Will Donald Trump Embrace Main Street Capitalism?

Will Donald Trump Embrace Main Street Capitalism?

The elites in Washington have run out of excuses.

Innovative breakthroughs are the key to long-term prosperity. They are particularly essential to an economy bogged down with massive amounts of debt. But here’s the problem: Broad-based prosperity requires more than a handful of glitzy technological breakthroughs, such as the smart phone, coming from rarified places such as Silicon Valley. History shows that significant increases in per capita income arise from what economist Edmund Phelps calls “mass flourishing” at the grassroots level. In this process, average folk become “idea machines” in an environment where ordinary people reinvent ordinary products and services from the bottom up. For Washington policymakers, the greatest challenge is to figure out how to make the entire economy, not just Silicon Valley and the dozen or so other tech centers, the innovative economy.

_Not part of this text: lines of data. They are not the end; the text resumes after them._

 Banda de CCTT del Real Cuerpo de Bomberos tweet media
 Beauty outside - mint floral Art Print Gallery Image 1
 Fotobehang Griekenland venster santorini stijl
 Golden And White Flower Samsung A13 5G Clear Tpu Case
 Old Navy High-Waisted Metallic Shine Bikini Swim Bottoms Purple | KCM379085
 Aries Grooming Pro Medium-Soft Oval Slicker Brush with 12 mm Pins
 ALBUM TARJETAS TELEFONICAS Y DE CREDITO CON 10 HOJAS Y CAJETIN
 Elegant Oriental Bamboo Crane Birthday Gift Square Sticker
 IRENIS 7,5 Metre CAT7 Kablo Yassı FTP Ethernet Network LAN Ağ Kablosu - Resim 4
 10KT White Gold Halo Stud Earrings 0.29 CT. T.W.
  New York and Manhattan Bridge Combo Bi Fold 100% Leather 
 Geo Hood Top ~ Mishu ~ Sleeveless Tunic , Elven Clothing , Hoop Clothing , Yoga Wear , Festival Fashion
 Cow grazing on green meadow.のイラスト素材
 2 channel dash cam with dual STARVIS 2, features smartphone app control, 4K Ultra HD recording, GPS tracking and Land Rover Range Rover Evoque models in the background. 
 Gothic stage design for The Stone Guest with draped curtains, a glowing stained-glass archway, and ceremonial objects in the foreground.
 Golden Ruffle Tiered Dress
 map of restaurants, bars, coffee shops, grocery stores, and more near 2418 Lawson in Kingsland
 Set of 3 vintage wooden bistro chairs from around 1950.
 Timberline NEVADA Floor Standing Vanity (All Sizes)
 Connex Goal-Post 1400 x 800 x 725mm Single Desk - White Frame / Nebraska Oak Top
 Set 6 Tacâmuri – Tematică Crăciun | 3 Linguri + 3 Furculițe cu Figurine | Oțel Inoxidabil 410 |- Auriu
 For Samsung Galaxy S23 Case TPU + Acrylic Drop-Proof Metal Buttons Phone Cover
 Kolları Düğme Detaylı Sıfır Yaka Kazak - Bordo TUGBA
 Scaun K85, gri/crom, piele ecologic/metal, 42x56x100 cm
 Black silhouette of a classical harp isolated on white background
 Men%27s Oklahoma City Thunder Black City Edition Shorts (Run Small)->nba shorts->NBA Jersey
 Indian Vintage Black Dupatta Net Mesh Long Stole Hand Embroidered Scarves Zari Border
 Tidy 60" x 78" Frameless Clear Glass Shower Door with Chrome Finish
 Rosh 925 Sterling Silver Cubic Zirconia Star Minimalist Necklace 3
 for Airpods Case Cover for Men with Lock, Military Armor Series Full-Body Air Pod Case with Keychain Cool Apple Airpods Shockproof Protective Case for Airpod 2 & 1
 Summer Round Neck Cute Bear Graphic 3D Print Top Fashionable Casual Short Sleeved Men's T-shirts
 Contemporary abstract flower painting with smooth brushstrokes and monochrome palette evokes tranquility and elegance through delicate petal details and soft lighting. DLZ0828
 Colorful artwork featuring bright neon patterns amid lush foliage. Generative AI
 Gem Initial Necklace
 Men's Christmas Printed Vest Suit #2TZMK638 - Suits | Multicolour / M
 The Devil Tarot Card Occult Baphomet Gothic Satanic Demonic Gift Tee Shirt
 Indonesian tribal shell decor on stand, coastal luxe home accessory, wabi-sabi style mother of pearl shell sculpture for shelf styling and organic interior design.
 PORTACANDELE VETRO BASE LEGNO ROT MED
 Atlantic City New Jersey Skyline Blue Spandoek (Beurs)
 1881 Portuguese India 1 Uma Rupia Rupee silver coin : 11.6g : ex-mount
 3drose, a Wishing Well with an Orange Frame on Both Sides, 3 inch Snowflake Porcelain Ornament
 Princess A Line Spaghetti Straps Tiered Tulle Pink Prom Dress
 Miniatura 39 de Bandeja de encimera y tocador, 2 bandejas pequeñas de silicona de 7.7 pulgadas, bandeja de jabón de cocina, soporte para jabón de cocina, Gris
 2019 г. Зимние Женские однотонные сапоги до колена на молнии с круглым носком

POLICYMAKERS HAVE got it all wrong. America’s economic destiny is not a matter of luck. Human initiative and creativity are not irrelevant in determining economic success or failure. Attitude is everything. The health of an economy depends on behavioral elements that don’t always fit on an Excel spreadsheet or follow the confines of a predictable theory. Economies involve a complex ecosystem and are linked to psychology.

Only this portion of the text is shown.